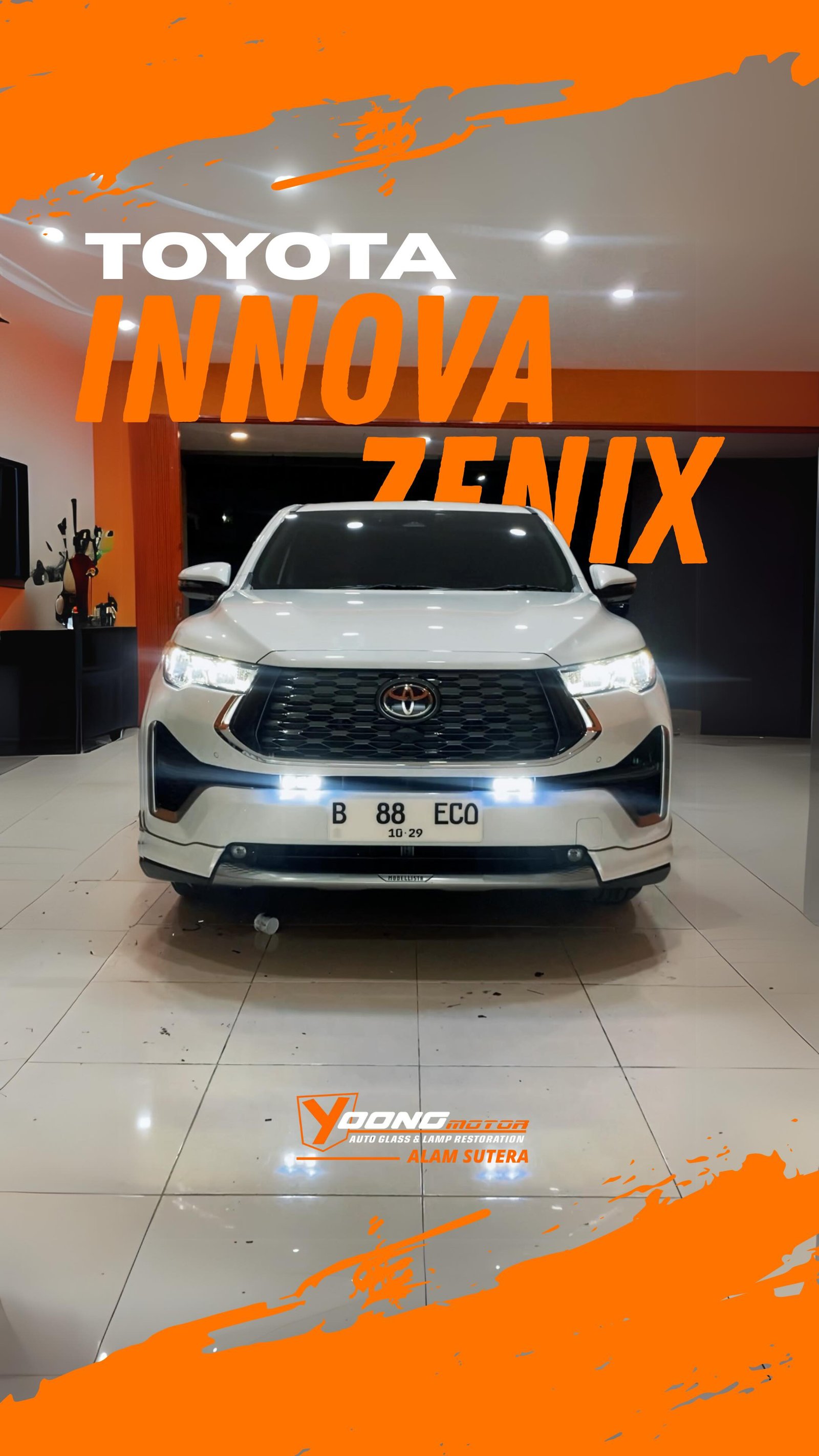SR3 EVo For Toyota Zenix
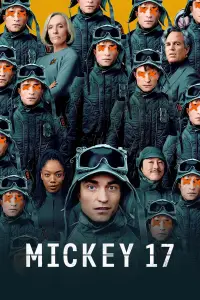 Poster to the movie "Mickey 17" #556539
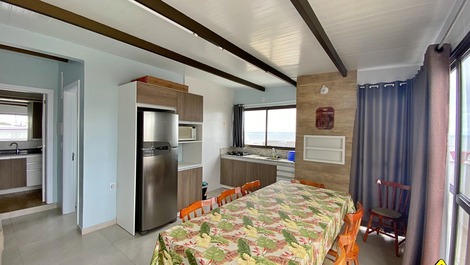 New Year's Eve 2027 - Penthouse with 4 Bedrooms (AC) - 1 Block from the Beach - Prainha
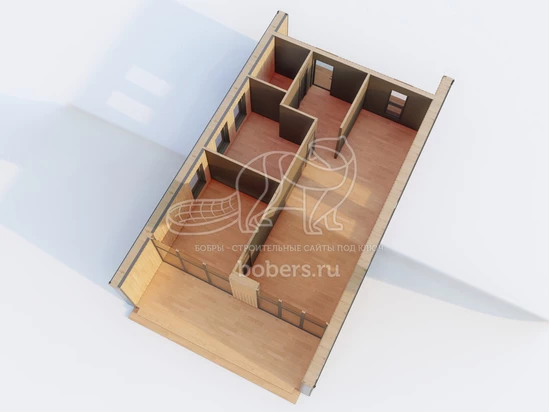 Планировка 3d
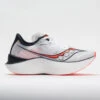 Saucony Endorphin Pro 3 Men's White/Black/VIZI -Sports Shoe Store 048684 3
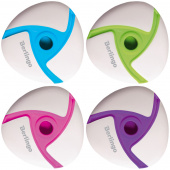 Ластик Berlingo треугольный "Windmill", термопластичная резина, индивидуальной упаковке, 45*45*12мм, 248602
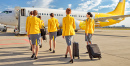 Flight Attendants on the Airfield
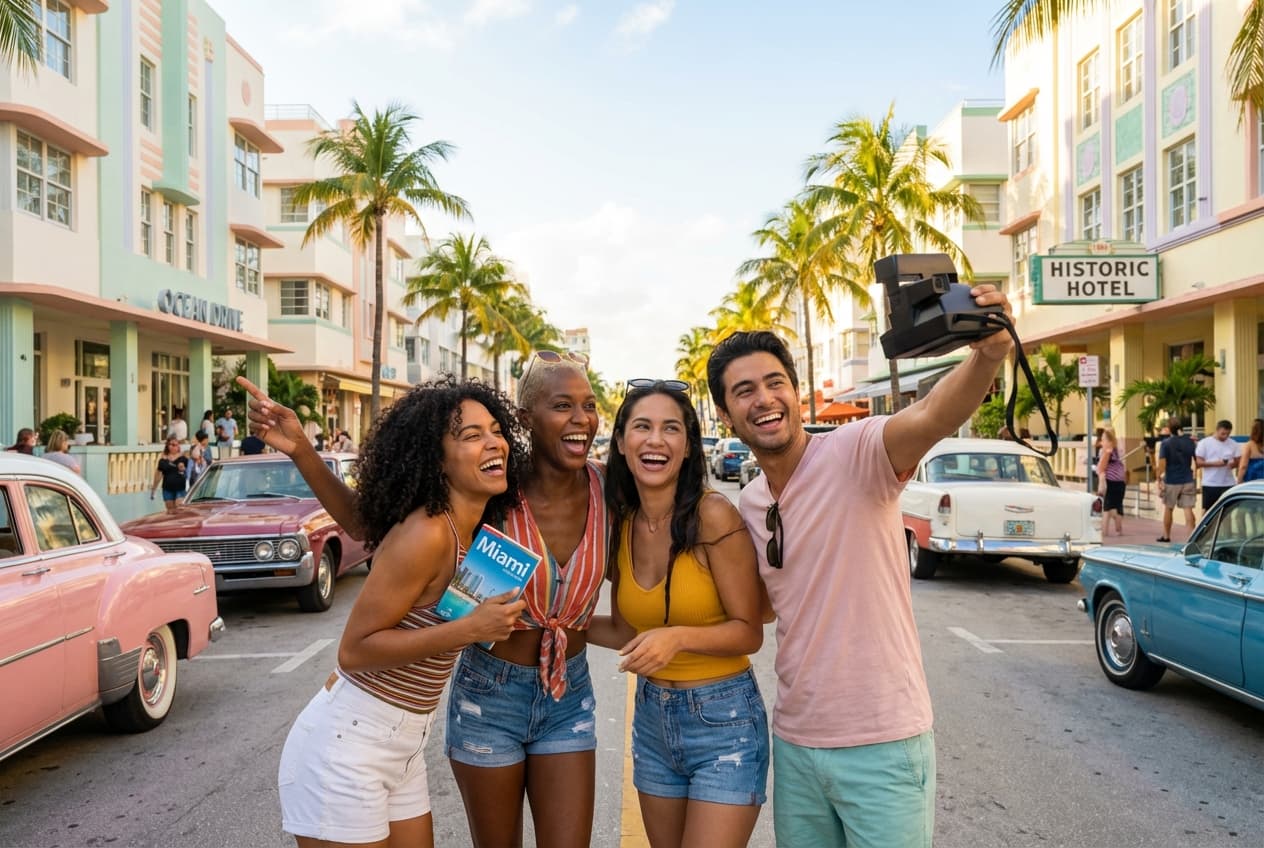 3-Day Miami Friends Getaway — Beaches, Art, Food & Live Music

* * * * * * * * *

The copy should begin at the line containing "Планировка 3d" and end at the last line of the data above; please restate those lines word for word without the pictures.

* FINAL ANSWER:
 Планировка 3d
 Saucony Endorphin Pro 3 Men's White/Black/VIZI -Sports Shoe Store 048684 3
 Ластик Berlingo треугольный "Windmill", термопластичная резина, индивидуальной упаковке, 45*45*12мм, 248602
 Flight Attendants on the Airfield
 3-Day Miami Friends Getaway — Beaches, Art, Food & Live Music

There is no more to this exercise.